(Task directions) Establish how many lines in the material below include the word "istock", then give the count alone.

(Given data)
^^^^^^^^^^^^^^^^

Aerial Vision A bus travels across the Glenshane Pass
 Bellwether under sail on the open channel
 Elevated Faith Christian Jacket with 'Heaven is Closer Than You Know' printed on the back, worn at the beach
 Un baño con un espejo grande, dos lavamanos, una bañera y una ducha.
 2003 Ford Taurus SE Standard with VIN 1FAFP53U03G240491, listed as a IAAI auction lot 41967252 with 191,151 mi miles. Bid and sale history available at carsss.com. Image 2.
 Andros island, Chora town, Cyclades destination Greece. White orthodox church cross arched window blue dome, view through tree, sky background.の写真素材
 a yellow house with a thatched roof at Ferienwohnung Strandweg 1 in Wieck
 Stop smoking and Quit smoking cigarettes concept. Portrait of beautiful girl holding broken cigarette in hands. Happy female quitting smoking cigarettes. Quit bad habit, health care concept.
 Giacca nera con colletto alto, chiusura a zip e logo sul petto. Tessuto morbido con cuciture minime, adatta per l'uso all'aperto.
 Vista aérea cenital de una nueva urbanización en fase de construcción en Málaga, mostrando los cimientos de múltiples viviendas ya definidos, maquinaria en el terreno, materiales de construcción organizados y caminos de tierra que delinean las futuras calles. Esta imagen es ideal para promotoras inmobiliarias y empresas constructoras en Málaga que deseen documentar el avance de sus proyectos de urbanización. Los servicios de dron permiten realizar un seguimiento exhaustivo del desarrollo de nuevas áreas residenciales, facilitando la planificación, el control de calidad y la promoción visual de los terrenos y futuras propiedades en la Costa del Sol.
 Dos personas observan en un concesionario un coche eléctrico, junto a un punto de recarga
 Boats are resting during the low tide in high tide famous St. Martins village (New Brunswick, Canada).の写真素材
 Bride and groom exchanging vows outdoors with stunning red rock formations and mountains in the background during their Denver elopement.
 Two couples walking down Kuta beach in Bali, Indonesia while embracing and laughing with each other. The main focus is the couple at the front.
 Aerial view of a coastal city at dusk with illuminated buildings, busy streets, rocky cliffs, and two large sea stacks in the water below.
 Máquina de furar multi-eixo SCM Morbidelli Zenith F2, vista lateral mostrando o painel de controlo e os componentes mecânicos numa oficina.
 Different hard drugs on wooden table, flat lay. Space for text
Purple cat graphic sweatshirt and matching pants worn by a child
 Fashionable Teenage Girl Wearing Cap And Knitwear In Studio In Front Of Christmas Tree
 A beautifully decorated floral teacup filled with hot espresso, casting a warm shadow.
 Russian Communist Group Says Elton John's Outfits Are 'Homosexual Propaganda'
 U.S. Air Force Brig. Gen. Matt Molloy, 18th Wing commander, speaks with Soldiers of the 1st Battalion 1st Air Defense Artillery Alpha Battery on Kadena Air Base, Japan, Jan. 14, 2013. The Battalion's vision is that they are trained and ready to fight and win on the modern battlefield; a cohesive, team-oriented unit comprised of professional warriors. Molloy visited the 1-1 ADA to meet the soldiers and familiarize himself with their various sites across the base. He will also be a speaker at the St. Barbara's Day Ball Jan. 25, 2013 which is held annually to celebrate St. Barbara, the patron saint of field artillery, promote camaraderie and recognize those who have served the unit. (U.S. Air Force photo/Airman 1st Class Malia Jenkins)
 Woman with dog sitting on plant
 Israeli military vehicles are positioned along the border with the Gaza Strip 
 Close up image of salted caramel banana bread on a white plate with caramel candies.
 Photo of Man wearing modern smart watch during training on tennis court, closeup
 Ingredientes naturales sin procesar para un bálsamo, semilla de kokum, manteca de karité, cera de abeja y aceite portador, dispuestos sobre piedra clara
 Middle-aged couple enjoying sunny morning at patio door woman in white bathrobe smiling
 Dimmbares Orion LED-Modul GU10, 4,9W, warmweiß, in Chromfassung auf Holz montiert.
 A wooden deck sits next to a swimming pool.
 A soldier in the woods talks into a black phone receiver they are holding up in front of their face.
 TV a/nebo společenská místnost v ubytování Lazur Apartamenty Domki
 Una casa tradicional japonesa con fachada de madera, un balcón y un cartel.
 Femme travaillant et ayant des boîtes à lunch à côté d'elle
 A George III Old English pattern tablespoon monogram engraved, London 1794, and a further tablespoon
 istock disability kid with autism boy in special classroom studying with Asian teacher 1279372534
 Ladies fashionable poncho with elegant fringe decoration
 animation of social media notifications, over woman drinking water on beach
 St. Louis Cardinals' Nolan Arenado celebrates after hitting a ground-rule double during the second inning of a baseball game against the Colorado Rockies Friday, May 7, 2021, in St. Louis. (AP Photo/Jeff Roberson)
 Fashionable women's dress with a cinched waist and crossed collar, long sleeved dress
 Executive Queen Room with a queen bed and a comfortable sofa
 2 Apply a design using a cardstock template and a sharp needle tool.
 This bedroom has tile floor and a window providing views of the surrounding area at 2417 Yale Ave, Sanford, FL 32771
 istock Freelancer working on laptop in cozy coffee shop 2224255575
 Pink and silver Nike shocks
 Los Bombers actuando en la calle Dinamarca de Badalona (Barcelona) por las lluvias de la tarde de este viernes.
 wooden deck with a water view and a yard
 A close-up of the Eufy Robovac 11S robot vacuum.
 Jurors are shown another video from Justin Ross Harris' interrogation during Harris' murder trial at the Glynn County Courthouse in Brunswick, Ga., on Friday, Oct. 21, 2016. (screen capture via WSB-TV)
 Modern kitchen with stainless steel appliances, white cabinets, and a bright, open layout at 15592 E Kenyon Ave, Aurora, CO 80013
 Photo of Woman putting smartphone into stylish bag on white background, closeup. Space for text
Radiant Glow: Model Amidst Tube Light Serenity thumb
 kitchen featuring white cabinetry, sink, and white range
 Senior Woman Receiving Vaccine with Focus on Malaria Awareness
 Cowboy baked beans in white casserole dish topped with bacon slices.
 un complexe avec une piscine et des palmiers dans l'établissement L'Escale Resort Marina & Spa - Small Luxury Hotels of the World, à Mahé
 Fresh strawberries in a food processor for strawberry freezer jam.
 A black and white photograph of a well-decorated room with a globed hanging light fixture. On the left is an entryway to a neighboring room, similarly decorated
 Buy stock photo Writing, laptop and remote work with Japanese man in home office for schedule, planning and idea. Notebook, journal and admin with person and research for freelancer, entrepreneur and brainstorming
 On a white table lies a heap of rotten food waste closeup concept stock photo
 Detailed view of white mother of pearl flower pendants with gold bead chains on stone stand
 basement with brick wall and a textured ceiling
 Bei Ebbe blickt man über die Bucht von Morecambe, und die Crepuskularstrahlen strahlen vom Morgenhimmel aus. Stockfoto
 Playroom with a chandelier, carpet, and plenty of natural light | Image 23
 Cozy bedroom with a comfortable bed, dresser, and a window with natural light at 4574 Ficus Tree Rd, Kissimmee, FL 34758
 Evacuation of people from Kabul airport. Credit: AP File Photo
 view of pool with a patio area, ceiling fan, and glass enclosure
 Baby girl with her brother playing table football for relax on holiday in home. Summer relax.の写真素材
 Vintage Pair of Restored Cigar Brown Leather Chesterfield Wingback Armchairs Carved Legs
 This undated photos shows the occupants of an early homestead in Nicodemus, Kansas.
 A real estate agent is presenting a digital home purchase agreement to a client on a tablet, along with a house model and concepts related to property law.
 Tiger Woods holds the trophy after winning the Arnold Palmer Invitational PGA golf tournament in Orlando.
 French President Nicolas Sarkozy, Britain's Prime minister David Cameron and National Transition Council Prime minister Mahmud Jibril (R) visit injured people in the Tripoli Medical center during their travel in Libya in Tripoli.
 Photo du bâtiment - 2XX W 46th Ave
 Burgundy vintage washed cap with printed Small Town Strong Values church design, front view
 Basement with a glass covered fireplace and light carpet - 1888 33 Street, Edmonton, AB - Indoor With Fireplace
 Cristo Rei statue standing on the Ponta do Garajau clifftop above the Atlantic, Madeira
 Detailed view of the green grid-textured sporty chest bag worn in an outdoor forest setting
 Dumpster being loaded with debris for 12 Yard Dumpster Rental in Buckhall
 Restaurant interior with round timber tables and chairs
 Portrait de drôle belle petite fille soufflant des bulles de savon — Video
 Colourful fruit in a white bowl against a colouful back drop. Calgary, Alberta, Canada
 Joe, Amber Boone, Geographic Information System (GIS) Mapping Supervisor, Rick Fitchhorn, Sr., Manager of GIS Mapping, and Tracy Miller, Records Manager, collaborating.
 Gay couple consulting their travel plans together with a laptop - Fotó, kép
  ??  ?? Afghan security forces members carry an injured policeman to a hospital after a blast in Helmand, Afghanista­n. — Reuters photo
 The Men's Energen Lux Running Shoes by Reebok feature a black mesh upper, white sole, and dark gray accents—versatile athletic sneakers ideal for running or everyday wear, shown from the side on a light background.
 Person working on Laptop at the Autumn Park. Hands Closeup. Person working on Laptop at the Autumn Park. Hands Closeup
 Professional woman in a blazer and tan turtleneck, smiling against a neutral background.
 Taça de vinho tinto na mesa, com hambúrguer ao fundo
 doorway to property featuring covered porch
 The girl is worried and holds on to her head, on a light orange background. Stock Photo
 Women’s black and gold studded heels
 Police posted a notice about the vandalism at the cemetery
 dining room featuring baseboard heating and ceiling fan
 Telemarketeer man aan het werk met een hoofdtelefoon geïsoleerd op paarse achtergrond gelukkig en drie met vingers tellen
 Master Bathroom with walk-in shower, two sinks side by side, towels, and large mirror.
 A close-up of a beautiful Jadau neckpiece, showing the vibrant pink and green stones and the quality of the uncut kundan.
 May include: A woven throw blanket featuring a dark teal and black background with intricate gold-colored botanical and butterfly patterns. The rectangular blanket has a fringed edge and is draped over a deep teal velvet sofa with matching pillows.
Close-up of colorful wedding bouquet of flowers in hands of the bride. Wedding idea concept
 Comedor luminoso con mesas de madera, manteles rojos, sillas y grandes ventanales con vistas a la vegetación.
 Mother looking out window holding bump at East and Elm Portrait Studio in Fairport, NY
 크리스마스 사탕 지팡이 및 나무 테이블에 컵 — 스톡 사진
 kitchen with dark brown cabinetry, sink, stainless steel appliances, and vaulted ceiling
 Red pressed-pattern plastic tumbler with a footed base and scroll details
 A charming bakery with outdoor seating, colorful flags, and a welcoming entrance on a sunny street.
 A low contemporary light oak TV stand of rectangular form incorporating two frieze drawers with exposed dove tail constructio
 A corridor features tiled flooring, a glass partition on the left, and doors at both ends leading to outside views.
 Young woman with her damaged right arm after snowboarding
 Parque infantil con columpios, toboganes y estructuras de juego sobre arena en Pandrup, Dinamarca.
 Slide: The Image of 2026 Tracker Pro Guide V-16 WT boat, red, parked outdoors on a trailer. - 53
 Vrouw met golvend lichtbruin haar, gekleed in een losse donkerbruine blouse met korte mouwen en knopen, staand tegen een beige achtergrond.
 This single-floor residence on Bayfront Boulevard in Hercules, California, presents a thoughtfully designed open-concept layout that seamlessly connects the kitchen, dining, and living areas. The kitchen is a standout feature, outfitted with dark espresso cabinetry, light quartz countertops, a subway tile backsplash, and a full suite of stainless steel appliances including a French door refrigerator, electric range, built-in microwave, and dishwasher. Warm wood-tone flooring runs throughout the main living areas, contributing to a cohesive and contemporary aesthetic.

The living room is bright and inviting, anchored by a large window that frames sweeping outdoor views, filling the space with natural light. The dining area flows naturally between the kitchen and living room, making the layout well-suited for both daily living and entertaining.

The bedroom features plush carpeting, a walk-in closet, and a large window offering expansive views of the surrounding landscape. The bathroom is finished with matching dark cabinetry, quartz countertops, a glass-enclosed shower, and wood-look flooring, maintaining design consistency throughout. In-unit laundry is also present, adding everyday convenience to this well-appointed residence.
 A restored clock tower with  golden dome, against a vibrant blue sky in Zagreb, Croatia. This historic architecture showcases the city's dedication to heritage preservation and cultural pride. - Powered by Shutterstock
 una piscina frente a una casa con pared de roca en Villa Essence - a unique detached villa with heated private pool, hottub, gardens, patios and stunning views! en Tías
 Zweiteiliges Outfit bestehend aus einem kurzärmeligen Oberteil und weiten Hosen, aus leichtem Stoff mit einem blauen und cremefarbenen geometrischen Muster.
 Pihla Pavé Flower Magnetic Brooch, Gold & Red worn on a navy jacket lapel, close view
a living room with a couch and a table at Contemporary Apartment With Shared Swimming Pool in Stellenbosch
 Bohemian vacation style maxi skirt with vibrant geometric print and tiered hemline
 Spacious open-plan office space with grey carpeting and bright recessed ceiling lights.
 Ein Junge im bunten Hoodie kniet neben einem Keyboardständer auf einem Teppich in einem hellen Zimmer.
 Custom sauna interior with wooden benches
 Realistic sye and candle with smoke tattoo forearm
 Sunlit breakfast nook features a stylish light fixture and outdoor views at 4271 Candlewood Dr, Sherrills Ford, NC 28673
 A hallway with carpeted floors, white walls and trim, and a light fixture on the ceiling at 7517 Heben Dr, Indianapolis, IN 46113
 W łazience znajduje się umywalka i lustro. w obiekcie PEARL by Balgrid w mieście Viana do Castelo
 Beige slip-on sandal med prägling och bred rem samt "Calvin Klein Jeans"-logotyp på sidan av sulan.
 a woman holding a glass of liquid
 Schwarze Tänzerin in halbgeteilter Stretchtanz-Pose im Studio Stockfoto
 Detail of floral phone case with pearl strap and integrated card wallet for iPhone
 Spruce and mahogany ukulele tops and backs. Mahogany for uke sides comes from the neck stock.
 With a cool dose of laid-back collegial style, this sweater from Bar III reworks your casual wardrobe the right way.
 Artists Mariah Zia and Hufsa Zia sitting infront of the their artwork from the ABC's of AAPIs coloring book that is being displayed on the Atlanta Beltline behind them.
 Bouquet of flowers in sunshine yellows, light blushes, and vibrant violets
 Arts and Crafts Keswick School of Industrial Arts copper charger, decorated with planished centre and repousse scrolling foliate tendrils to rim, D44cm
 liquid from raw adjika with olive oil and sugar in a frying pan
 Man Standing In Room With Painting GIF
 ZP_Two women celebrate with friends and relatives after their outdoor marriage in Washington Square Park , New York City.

^^^^^^^^^^^^^^^^

(Exercise answer) 2